■ What this task involves: The answer must be every line of the data that holds the word "depende".

■ Exercise data:

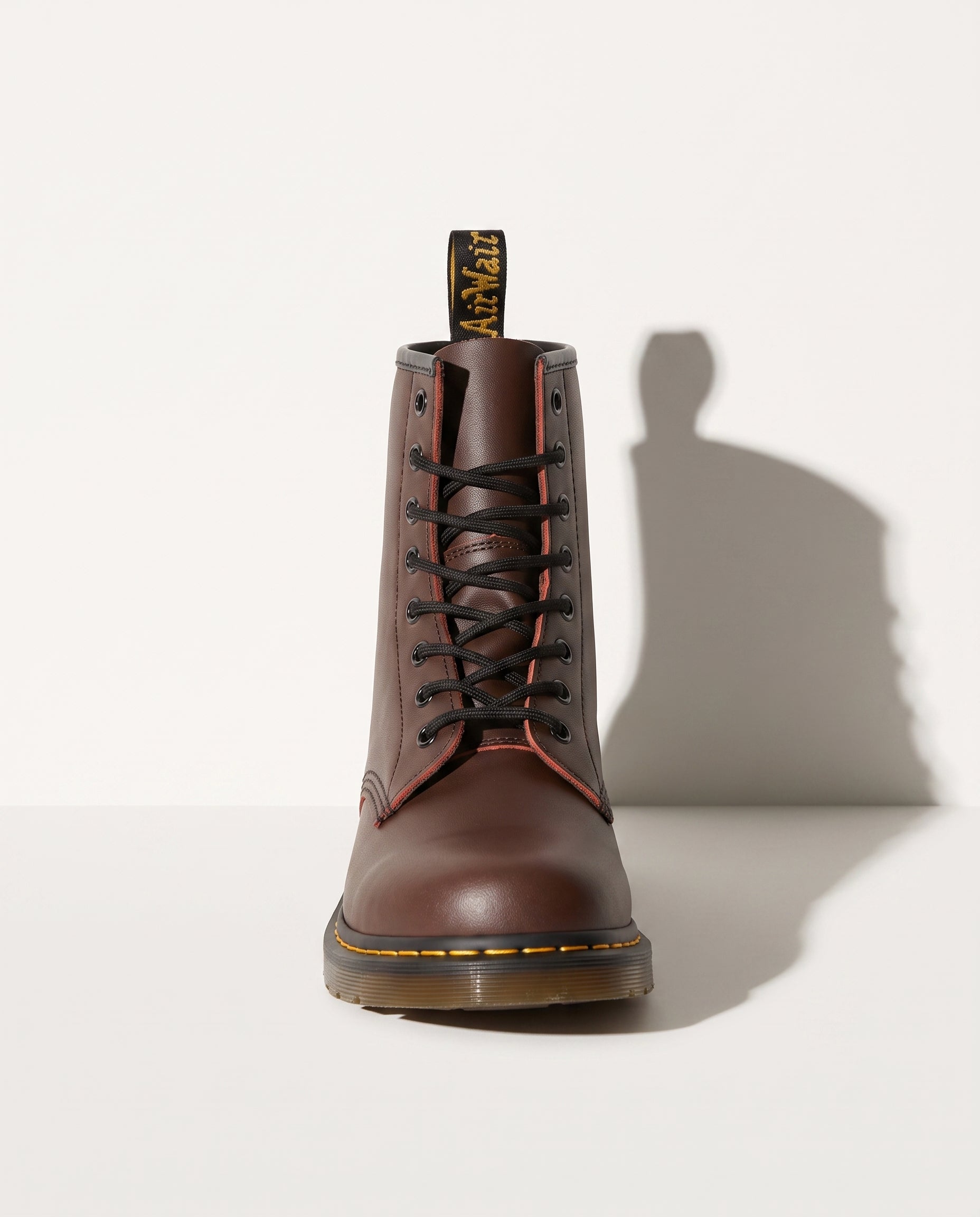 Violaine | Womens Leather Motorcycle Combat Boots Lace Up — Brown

==

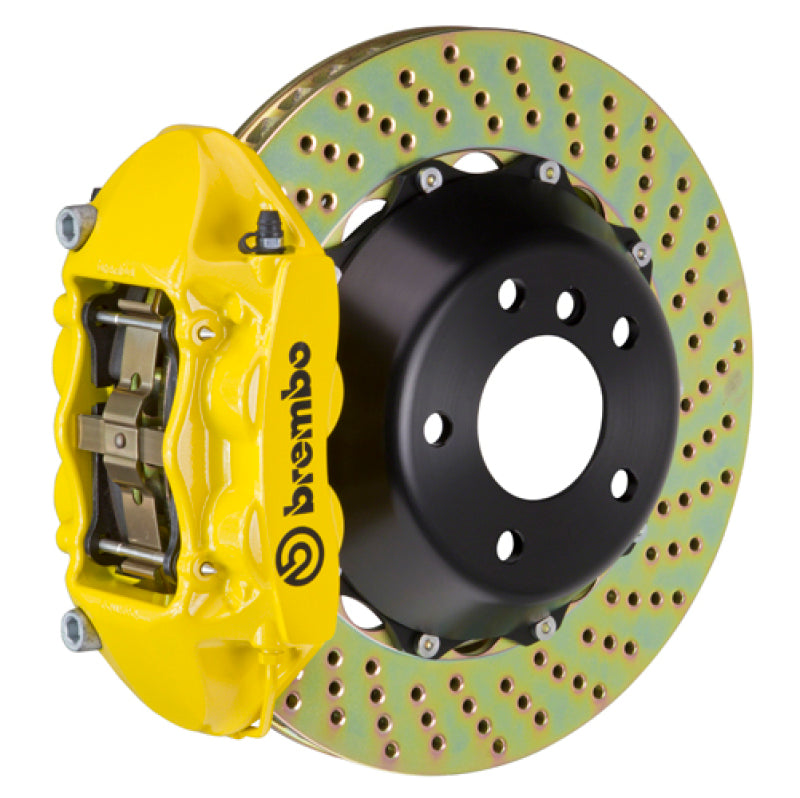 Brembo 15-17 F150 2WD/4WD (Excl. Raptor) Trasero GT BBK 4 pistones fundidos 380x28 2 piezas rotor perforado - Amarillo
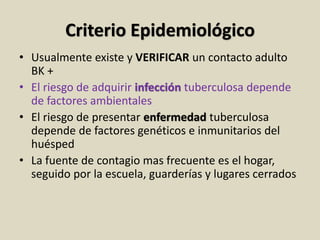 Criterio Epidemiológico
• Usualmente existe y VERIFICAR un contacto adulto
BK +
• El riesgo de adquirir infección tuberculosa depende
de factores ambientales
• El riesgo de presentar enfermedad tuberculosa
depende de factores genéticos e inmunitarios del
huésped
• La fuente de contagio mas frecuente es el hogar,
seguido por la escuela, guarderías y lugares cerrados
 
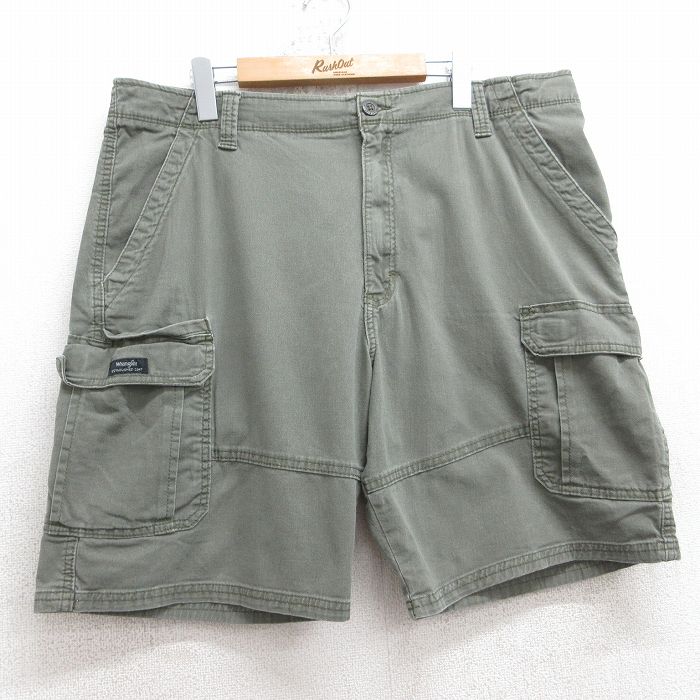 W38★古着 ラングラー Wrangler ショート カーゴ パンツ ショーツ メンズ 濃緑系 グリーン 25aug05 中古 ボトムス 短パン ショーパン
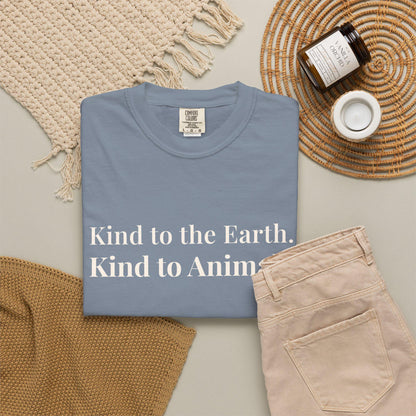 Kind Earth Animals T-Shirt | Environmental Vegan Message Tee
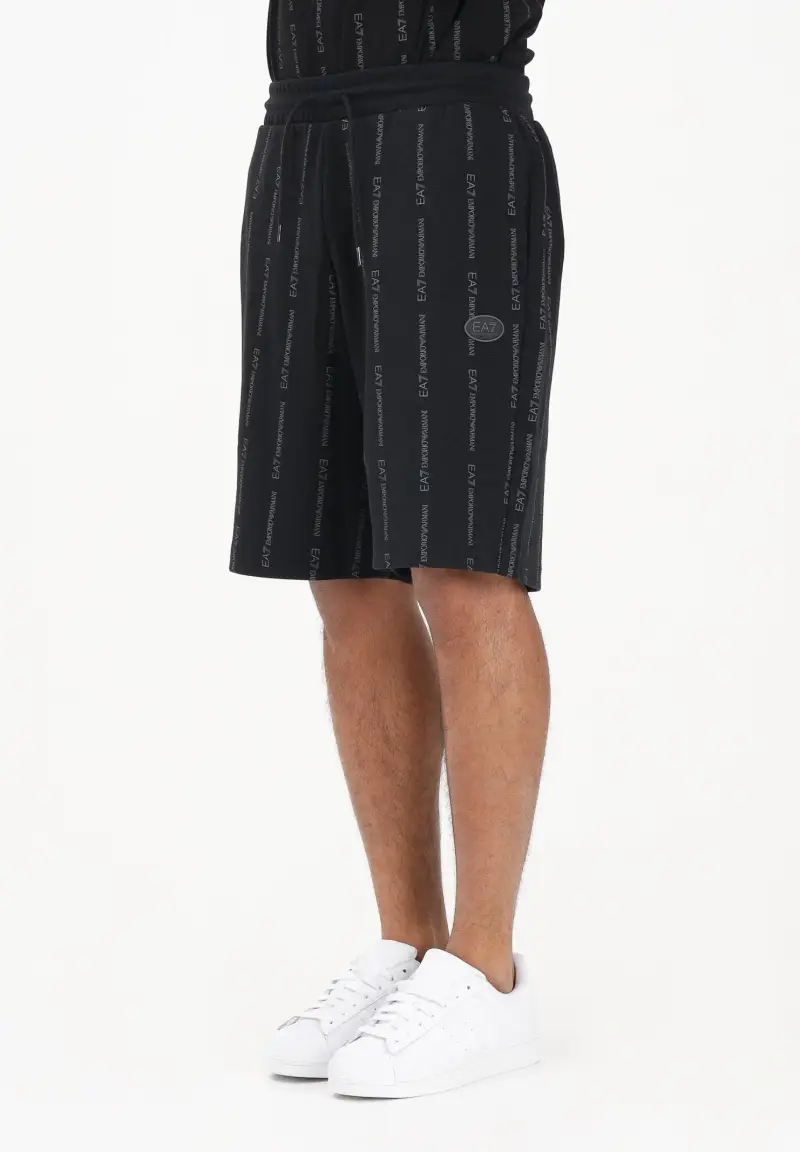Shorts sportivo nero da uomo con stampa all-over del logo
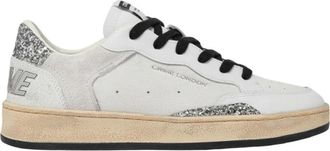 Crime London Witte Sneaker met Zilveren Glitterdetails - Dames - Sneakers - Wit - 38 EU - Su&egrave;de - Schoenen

■ Solution:
• El riesgo de adquirir infección tuberculosa depende
depende de factores genéticos e inmunitarios del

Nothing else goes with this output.